Calreticulin exposure by malignant blasts correlates with robust anticancer immunity and improved clinical outcome in AML patients.

December 29, 2016
Source: Blood. 2016 Dec 29;128(26):3113-3124. doi: 10.1182/blood-2016-08-731737. Epub 2016 Nov 1.

Authors: J. Fučíková, I. Truxová, M. Hensler, E. Becht, L. Kasíková, I. Moserová, S. Vošáhliková, J. Kloučková, S.E. Church, I. Cremer, O. Kepp, G. Kroemer, L. Galluzzi, C. Salek, R. Špíšek

Cancer cell death can be perceived as immunogenic by the host only when malignant cells emit immunostimulatory signals (so-called "damage-associated molecular patterns," DAMPs), as they die in the context of failing adaptive responses to stress. Accumulating preclinical and clinical evidence indicates that the capacity of immunogenic cell death to (re-)activate an anticancer immune response is key to the success of various chemo- and radiotherapeutic regimens.

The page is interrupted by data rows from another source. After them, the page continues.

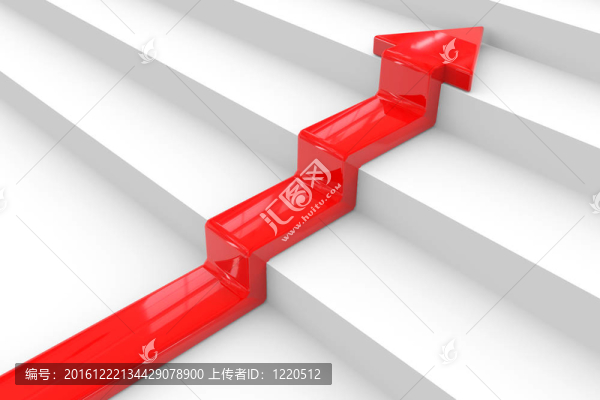 樓梯上的紅色箭頭。成功觀。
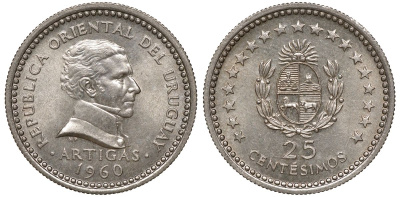 Уругвай 25 сентесимо 1960 KM 40 медно-никель 4169-839
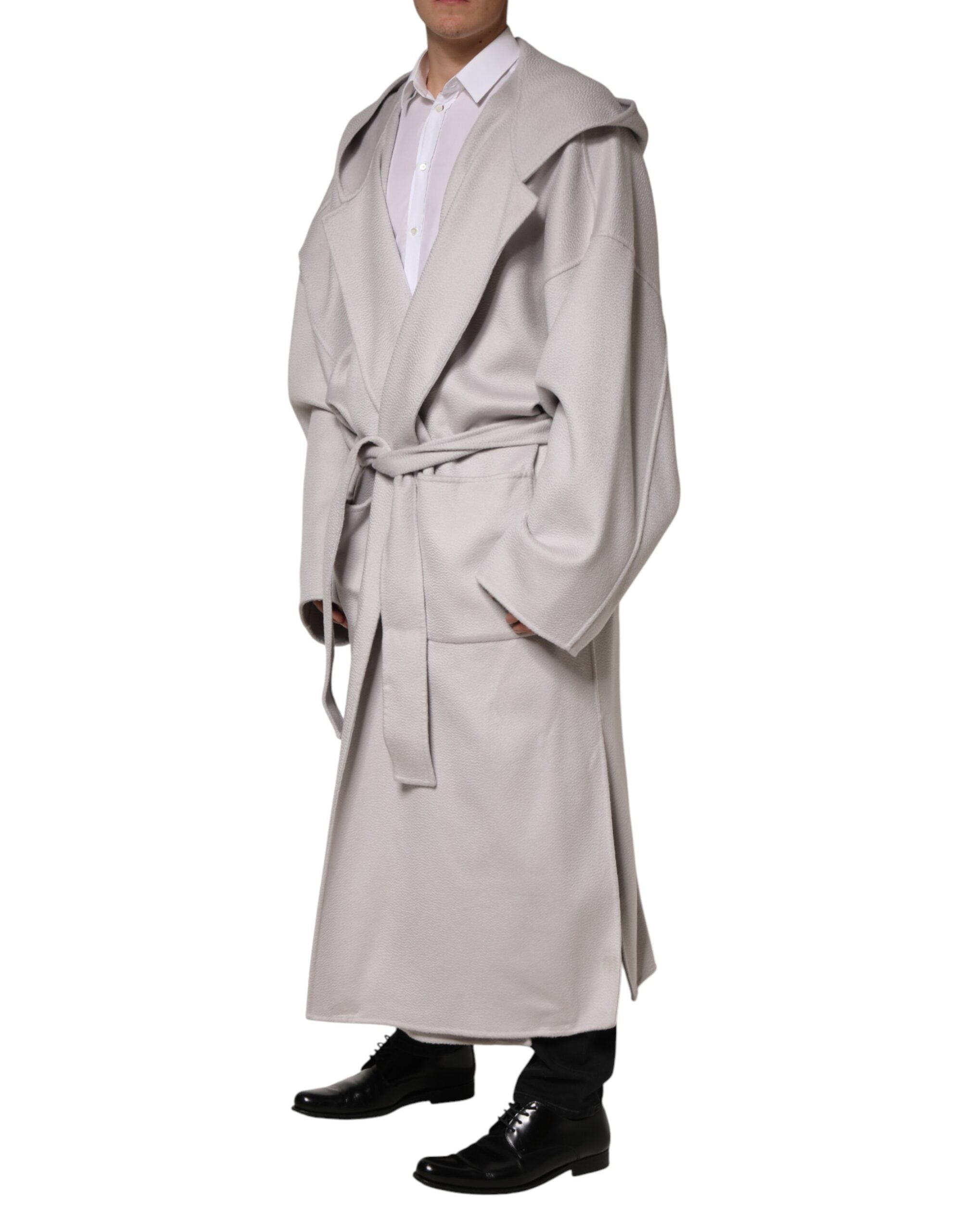 Dolce & Gabbana Off White Belted Long Trench Coat Men Jacket-3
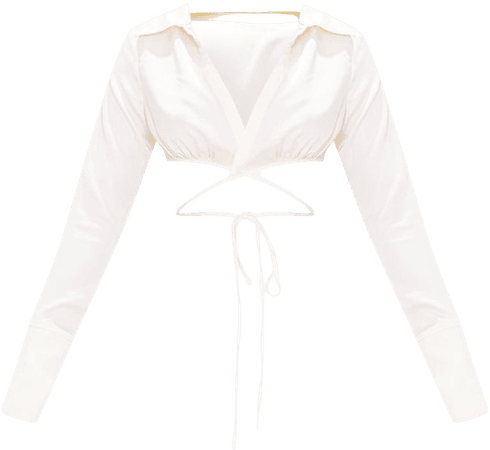 Cream Satin Tie Wrap Crop Top | Co-Ords | PrettyLittleThing USA
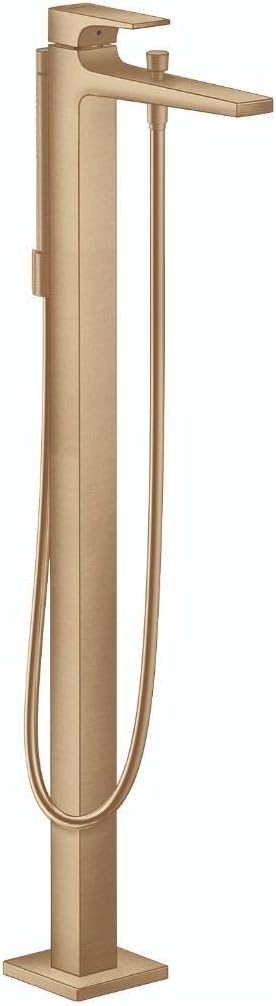 hansgrohe Metropol Modern 1-Handle 5-inch Wide Wall-Mounted Freestanding Bathtub Faucet with Handshower in Brushed Bronze, 32532141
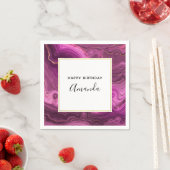 Lila Amethyst und Gold Abstrakt Agate Geburtstag Serviette (Beispiel)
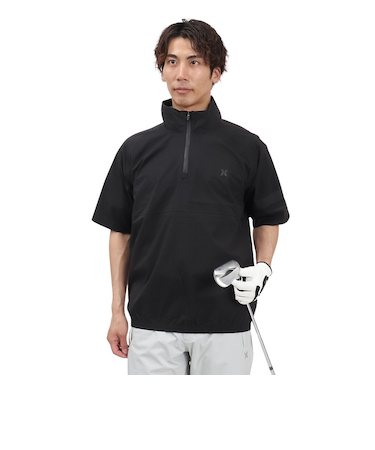 ハーレー（HURLEY）ゴルフウェア アウター 撥水 防風 ファントム レイン 半袖 プルオーバー MGRN251099-BLK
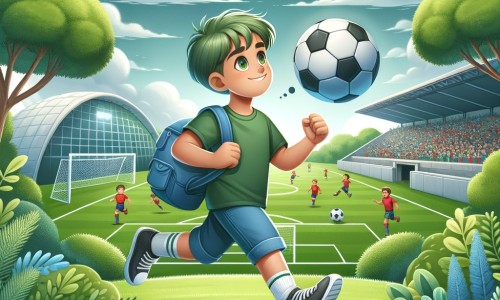 Une illustration pour enfants représentant un jeune homme passionné de football qui rêve de devenir un joueur professionnel, s'entraînant avec acharnement dans un parc verdoyant.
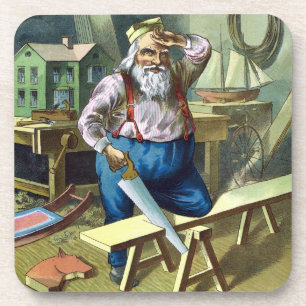 Dessous-de-verre Noël vintage, le Père Noël construisant des jouets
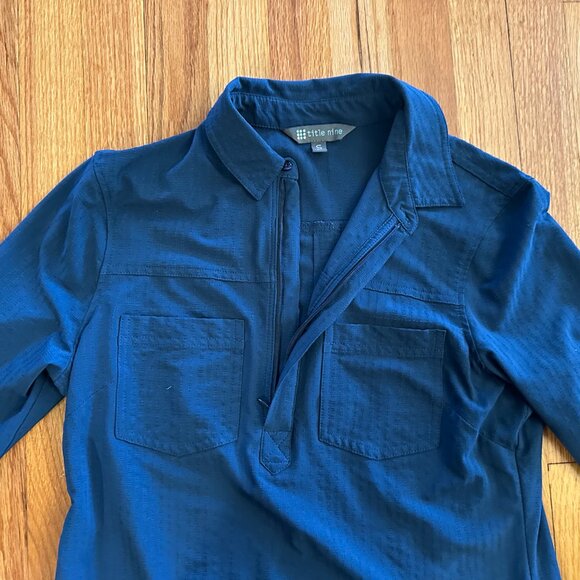 Title Nine Blue Pullover Dress w Roll-up Sleeves - Side & Patch Pockets - Small - Picture 3 of 4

Malignant blasts from patients with acute myeloid leukemia (AML) exposed multiple DAMPs, including calreticulin (CRT), heat-shock protein 70 (HSP70), and HSP90 on their plasma membrane irrespective of treatment. In these patients, high levels of surface-exposed CRT correlated with an increased proportion of natural killer cells and effector memory CD4+ and CD8+ T cells in the periphery. Moreover, CRT exposure on the plasma membrane of malignant blasts positively correlated with the frequency of circulating T cells specific for leukemia-associated antigens, indicating that ecto-CRT favors the initiation of anticancer immunity in patients with AML. Finally, although the levels of ecto-HSP70, ecto-HSP90, and ecto-CRT were all associated with improved relapse-free survival, only CRT exposure significantly correlated with superior overall survival. Thus, CRT exposure represents a novel powerful prognostic biomarker for patients with AML, reflecting the activation of a clinically relevant AML-specific immune response.